There's a musical motif named _Erlösung durch Liebe_ in one of his work as far as i know

Thanks a real lot, with love from the Netherlands


----------



## Mahlerian (Nov 27, 2012)

Joris said:


> Since Wagner is known to have redemption as a theme in his operas, I was wondering, and if anyone can help me with this i would be eternally grateful: are there any references in the music itself, so detached from the act(ion) of drama, that denote this redemption?
> 
> There's a musical motif named _Erlösung durch Liebe_ in one of his work as far as i know
> 
> Thanks a real lot, with love from the Netherlands


One thing to keep in mind is that for Wagner, the music and the drama were a single entity. The music describes and backs up the on-stage action, and connects it with the libretto. So, everything in the drama is reflected in the music. Also, while a number of "thematic catalogues" were published giving names to the various motifs, Wagner preferred not to do this, and the usage of some of the leitmotivs he used was more ambiguous than clear.

The motif you're referring to is from the Ring cycle, but I don't remember which one it is specifically. It's bound to be featured in the final immolation scene of Gotterdammerung, though.

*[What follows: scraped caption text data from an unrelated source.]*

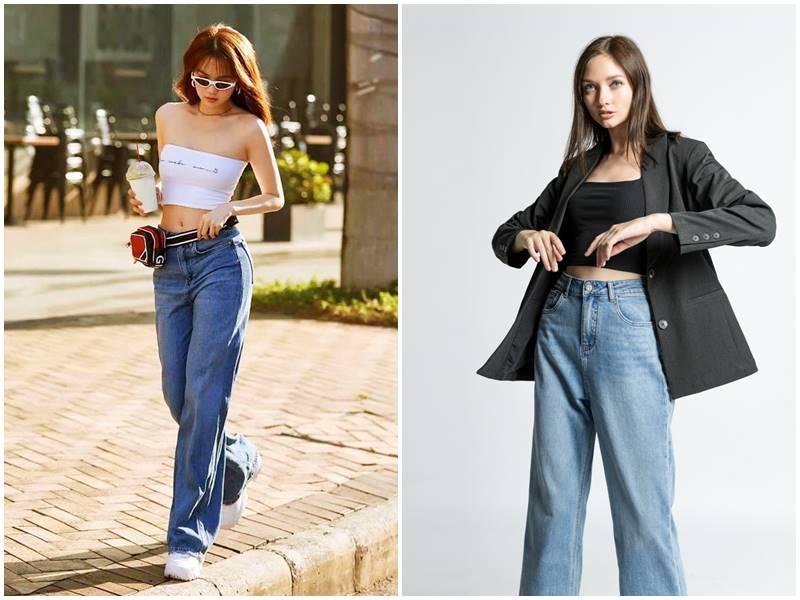 Áo croptop ôm dáng quây phối với quần jeans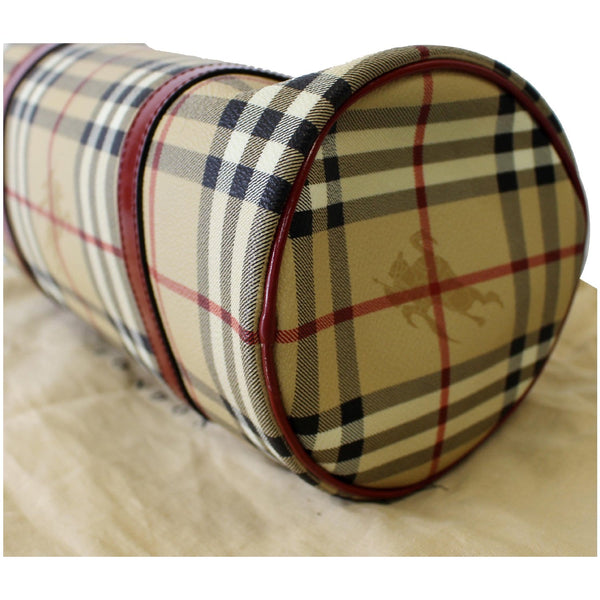 BURBERRY Barrel Haymarket Check Coated Canvas Shoulder Bag Red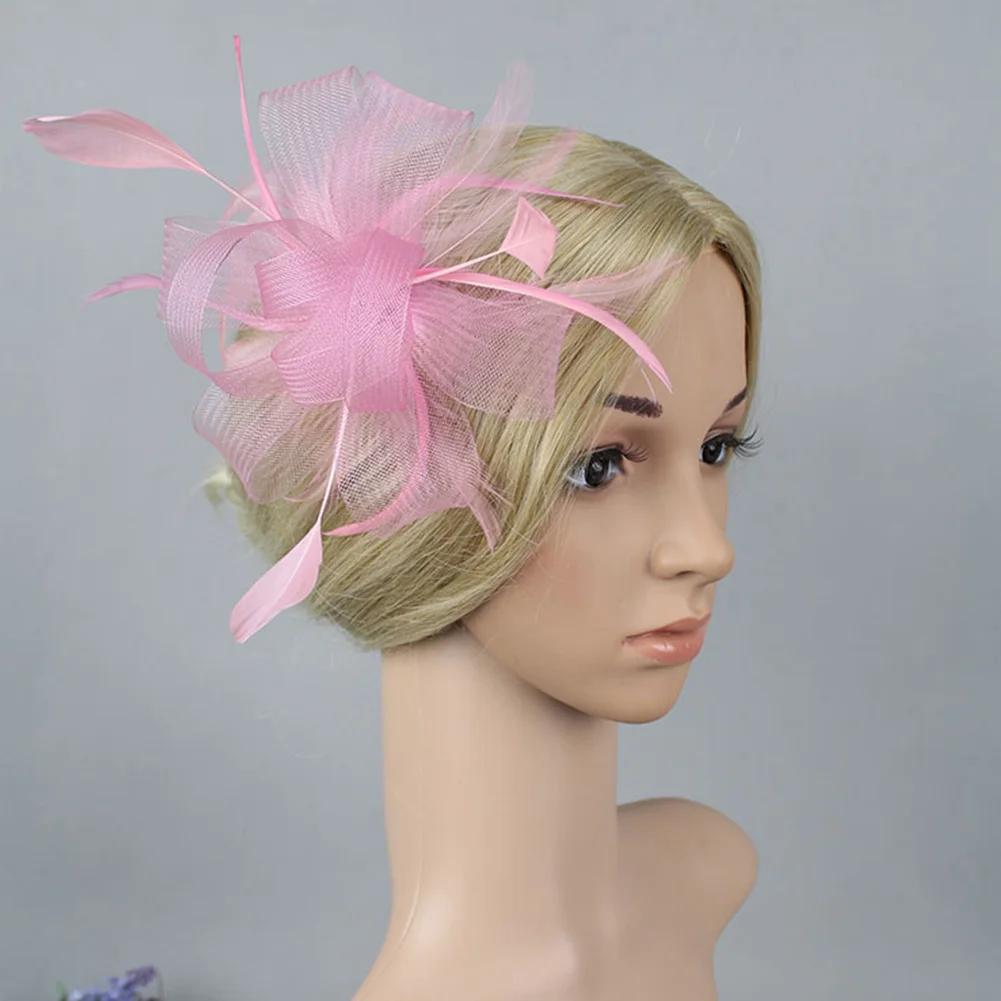 

Hair Band Kids Women Flower Fascinator Gift Banquet Vintage Wedding Feather Ribbon Fashion Accessories With Clip Mesh Knot Hat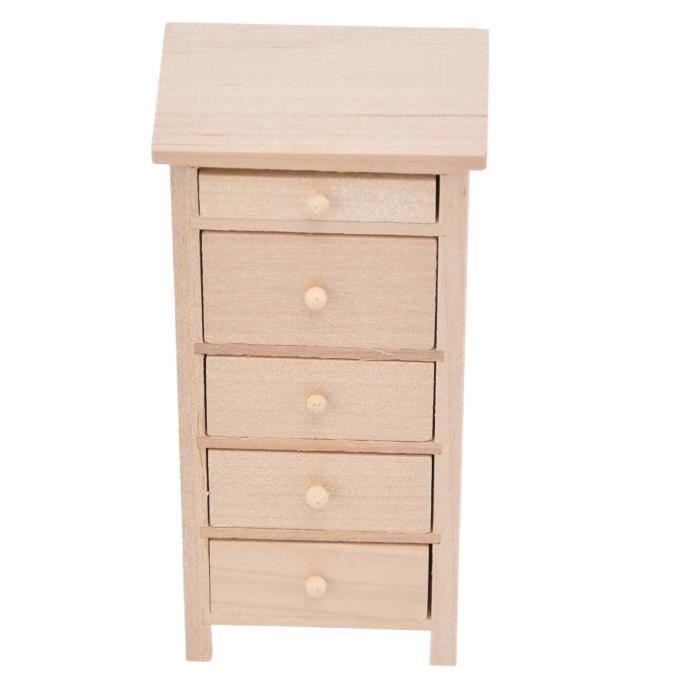Commode 5 Tiroirs Miniature 1/12 Pour Maison De Poupée - Meuble En Bois Blanc, 8,1x3,2x11 Cm - 5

Similar themes (in the literary, not musical, sense) can be found in his other operas, though, including Der Fliegende Hollander and Tristan und Isolde, so it was definitely a preoccupation of his.


----------



## emiellucifuge (May 26, 2009)

The redemption through love motif in the ring appears twice: At the very end, and in Die Walkure when Sieglinde discovers she is pregant.
http://www.well.com/user/woodman/singthing/ring/Sounds/redemption.au


----------



## Mahlerian (Nov 27, 2012)

emiellucifuge said:


> The redemption through love motif in the ring appears twice: At the very end, and in Die Walkure when Sieglinde discovers she is pregant.
> http://www.well.com/user/woodman/singthing/ring/Sounds/redemption.au


Oh, I remember that one now.


----------



## emiellucifuge (May 26, 2009)

The same can be found in a little song Richard wrote for one of Cosima's birthdays:
http://thewagnerblog.com/wp-content/uploads/2012/03/Kinder2.pdf

Redemption through love is not really a good name for it though...


----------



## Joris (Jan 13, 2013)

Thanks, in his treatise Oper und Drama he wrote _Die Musik ist die erlösende und verwirklichende neue Sprache, _

So I shouldn't see this detached from the drama, or why would Wagner see music as redeeming?


----------



## Joris (Jan 13, 2013)

Here's the thing, Wagner said stuff like this more than once:

"music can never, in any union into which it might enter, cease to be the highest, most redemptive art" (Wagner 1888: vol. 5, 191)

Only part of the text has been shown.